今日は、明治時代後期の1910年(明治43)に、桂太郎内閣の閣議で「韓国ニ対スル施政方針」を決定し、同年8月の韓国併合後の朝鮮に対する施政方針を明らかにした日です。
「韓国ニ対スル施政方針(かんこくにたいするしせいほうしん)」は、1909年(明治42)7月6日の桂太郎内閣による「韓国併合ニ関スル件」および「対韓施設大綱」の閣議決定を受けて、韓国併合に向けての準備が進められ、翌年6月3日に閣議決定されたもので、併合後の韓国に対する施政方針を明らかにしたものでした。その内容は、朝鮮は天皇の大権によって統治すること、一切の政務は天皇に勅隷する総督が独裁すること、朝鮮人官吏の採用は階級を考慮することなど、となっています。
日本は、1876年(明治9)に、朝鮮に対して最初の不平等条約である「日朝修好条規」を締結して以来、朝鮮半島進出を試み、その支配をめぐって、1894~95年(明治27~28)に日清戦争、1904~05年(明治37~38)に日露戦争が起きました。日露戦争終結のために調印された「ポーツマス条約」 (1905年) 第2条と「第二回日英同盟協約」(1905年)第3条において、それぞれ朝鮮における優越的立場を認められます。

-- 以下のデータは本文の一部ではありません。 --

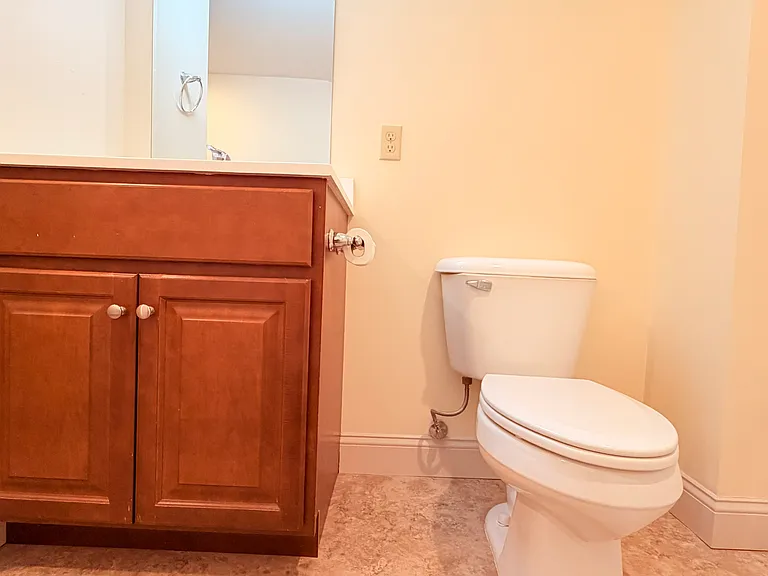 191 College St #203 — Photo 40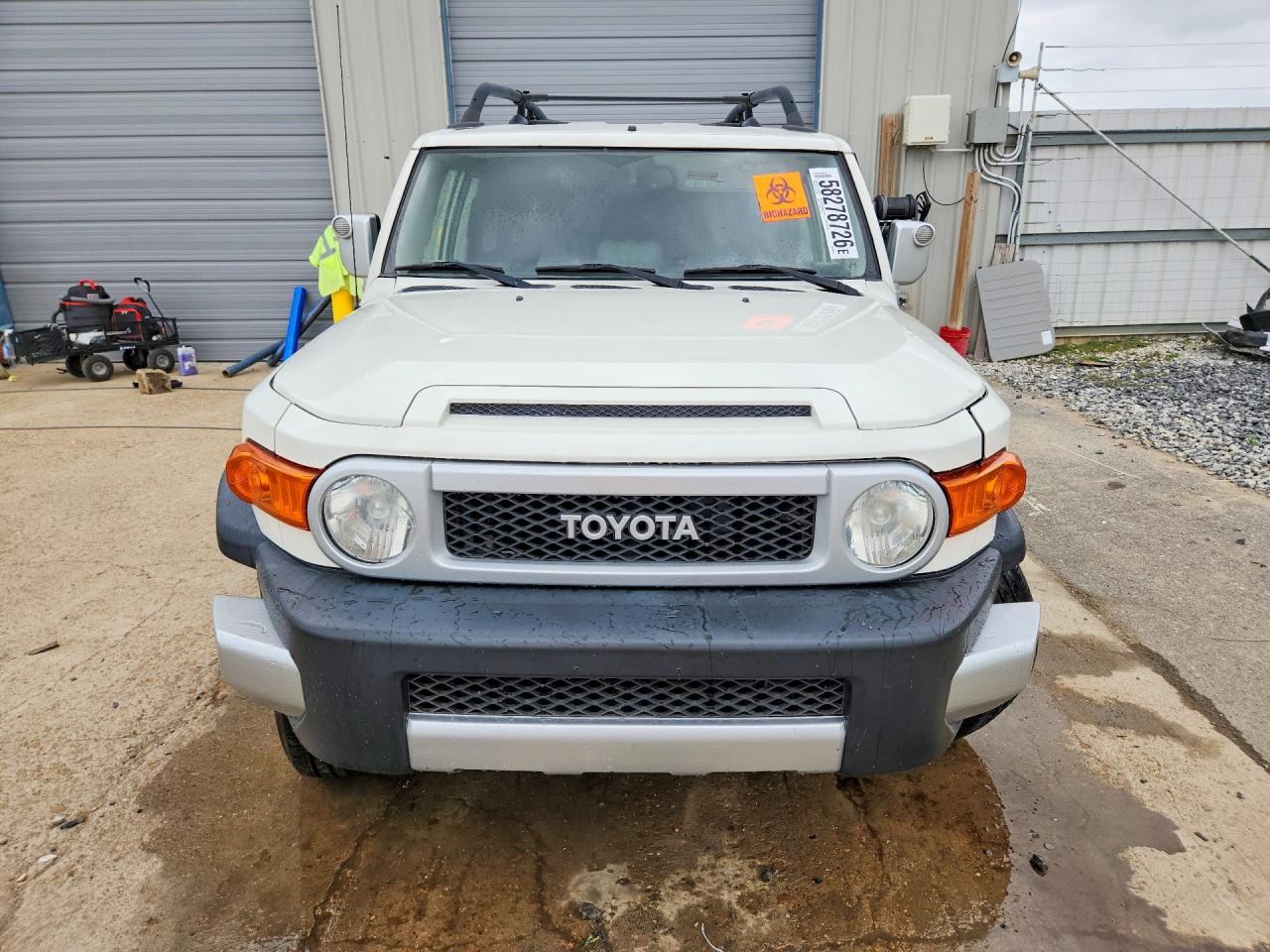 2010 Toyota Fj Cruiser Base Beige vin: JTEBU4BF8AK080235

それと前後して、三次にわたる「日韓協約」で実質的に韓国主権を手中に収めました。そして、1909年(明治42)7月6日の桂太郎内閣による「韓国併合ニ関スル件」および「対韓施設大綱」の閣議決定、翌年6月3日の「韓国ニ対スル施政方針」の閣議決定へと至ります。
その後、8月22日に「韓国併合条約」が漢城(現在のソウル特別市)で寺内正毅統監と李完用首相により調印され、同月29日には、裁可公布により発効、大日本帝国は大韓帝国を併合することとなりました。この状態は、1945年(昭和20)の太平洋戦争で日本が敗戦するまで続くこととなります。
以下に、「韓国併合ニ関スル件」、「対韓施設大綱」と「韓国ニ対スル施政方針」を全文掲載しておきますので、ご参照下さい。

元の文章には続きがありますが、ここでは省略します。